Veröffentlicht in der Süddeutschen Zeitung
Neueste Nachrichten Landkreis München vom 14/15. November1998
copyright © 1999 Wolfgang M. Seemann


Über den Wassern

70 Jahre alt undnoch immer brillant: Art Farmer

Unterschleißheim - Er kokettiert mit seinem hohen Alter: Art Farmer möchte einen Titel von Thelonius Monk ankündigen, weiß aber leider nicht mehr welchen. "Blue Monk", ruft jemand aus dem Publikum. Der Wunsch ist dem Meister Befehl.  Nur von einer spärlichen Baßlinie begleitet, zelebriert Art Farmer mit dem gestopften Instrument das Thema. Ein sich mächtig auftürmender Trommelwirbel signalisiert den Einsatz der Band. Im Publikum treten Zweifel auf: Fußt solch ein feines Intro tatsächlich auf einer rein spontanen Eingebung?
 
Man wird nicht lange bei solchen Gedankenspielen verweilen dürfen, denn auf der Bühne passiert schon wieder soviel Neues.
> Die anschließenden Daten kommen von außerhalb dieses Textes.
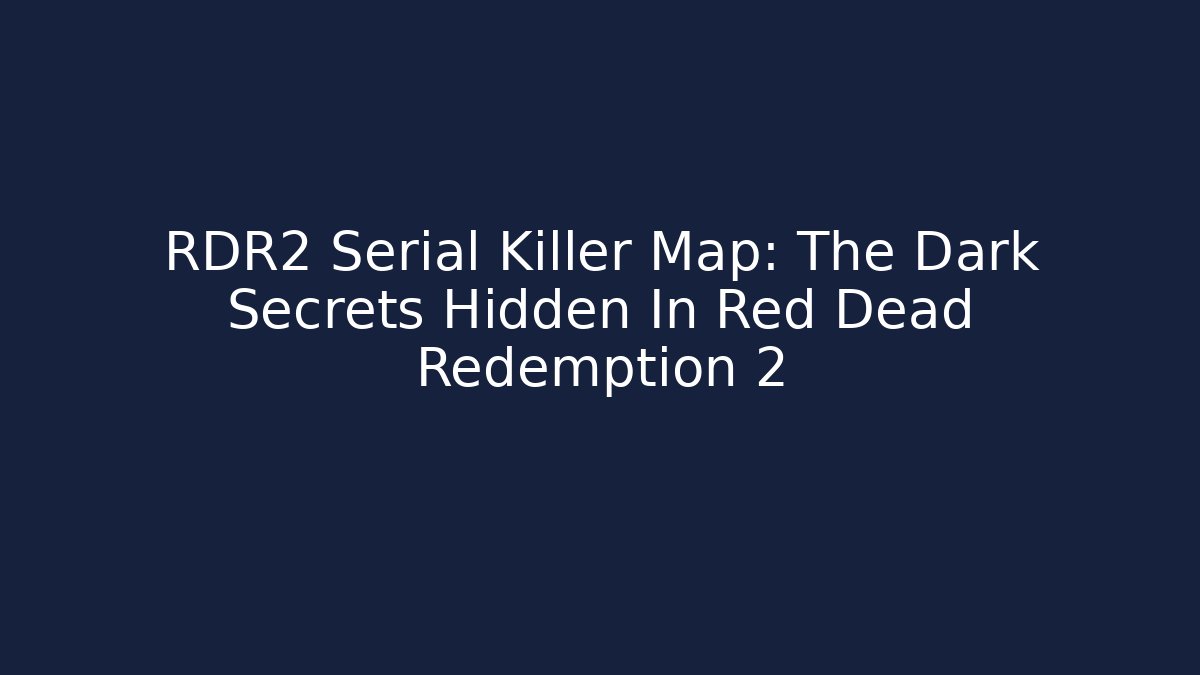 RDR2 Serial Killer Map: The Dark Secrets Hidden In Red Dead Redemption 2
Absolut hochkarätig besetzt, präsentiert sich das Ensemble im Bürgerhaus Unterschleißheim. Der Jazztrompeter Art Farmer feiert in diesem Herbst mit einem speziellen Tourprogramm seinen 70. Geburtstag. und an seiner Seite musizieren der Tenorsaxophonist Johnny Griffin und der Pianist Tommy Flanagan.
 
Wenn man den 1928 in Iowa geborenen Trompeter Arthur Stewart Farmer heute als "Jazzlegende", als "Ikone des Hardbop", verehrt, so muß man gerechterweise ähnliche Attribute auch für seine Partner Flanagan und Griffin finden. Griffin, nur wenige Monate älter als Farmer, ist ebenfalls 70er-Jubilar, Flanagan zwei Jahre jünger.
 
Mit Peter Washington am Baß und Lewis Nash an den Drums haben sich die Altmeister eine jüngere Rhythmusgruppe ins Ensemble geholt. Beide versehen ihre Aufgabe hochkonzentriert,   insbesondere Bassist Peter Washington darf mit seinen Soli gestalterisch in das musikaliscbe Geschehen eingreifen.
 
„My funny Valentine" intonieren die Musiker zu Beginn - gigantisch dann das Tempo bei Charly Parkers "Confirmation". Art Farmers Solospiel verschlägt dem Publikum den Atem. Seine musikalischen Linien sind fein ausbalanciert, sein samtiger Ton scheint selbst bei derart kapriziösen Up-Tempo-Phrasen jenseits aller technischen Dimensionen über den Wassern zu schweben.
 
Es ist es wohl auch die besondere Bauart seines Instrumentes, die ihm zu diesem Ausdruck "lyrischer Schwerelosigkeit", wie es Miles Davis einmal formulierte, verhilft. Art Farmer spielt gewissermaßen eine "Flumpet", eine raffiniert ausgetüftelte Kreuzung aus Trompete und Flügelhorn, die geschmeidige Sanftmut mit der Brillanz des Blechklangs zu verschmelzen vermag.  Tenorist Johnny Griffin ist und bleibt ein Witzbold. Inmitten seiner quirligen Feuerwerke intoniert er einfache Kinderlieder und läßt sein Saxophon anschließend hämisch grinsen, als wolle sich das Instrument über seinen Spieler lustig machen. Aber dann sind sie sofort wieder da, diese harten, fast aggressiven Attacken, voller Blues und Soul.
 
Tommy Flanagan tupft einige Klaviertöne in den Raum, läßt sie wie kostbaren Perlenschmuck abtropfen in erlesene Harmonien - handgesetzte Voicings, innerhalb derer jeder einzelne Ton seine eigene Vitalität versprüht. Aus solcher Einleitung erhebt sich bedächtig die Solomelodie Art Farmers und schwingt sich voller Intensität empor, dem ersten entscheidenden Kulminationspunkt entgegen, auf dem sich, diesen Ton repetierend, auszuruhen eine Wonne sein muß: "Stardust"! Hat man Hoagy Carmichaels Ballade je intensiver gehört?  Wie schön, daß der Bayerische Rundfunk das Konzert aufzeichnet.
 
In der zweiten Halbzeit wird Johnny Griffin dann die besondere Ehre zuteil, die Sängerin Vanessa Rubin auf die Bühne führen zu dürfen. Sie erzählt den "All Blues" und beichtet die "Days of Wine and Roses". Nein, jetzt gibt es keine Steigerung mehr, auch wenn der Saal tobt. Der "C-Jam-Blues" - wieder auf Wunsch des Publikums - beschließt ein wunderbares Konzert.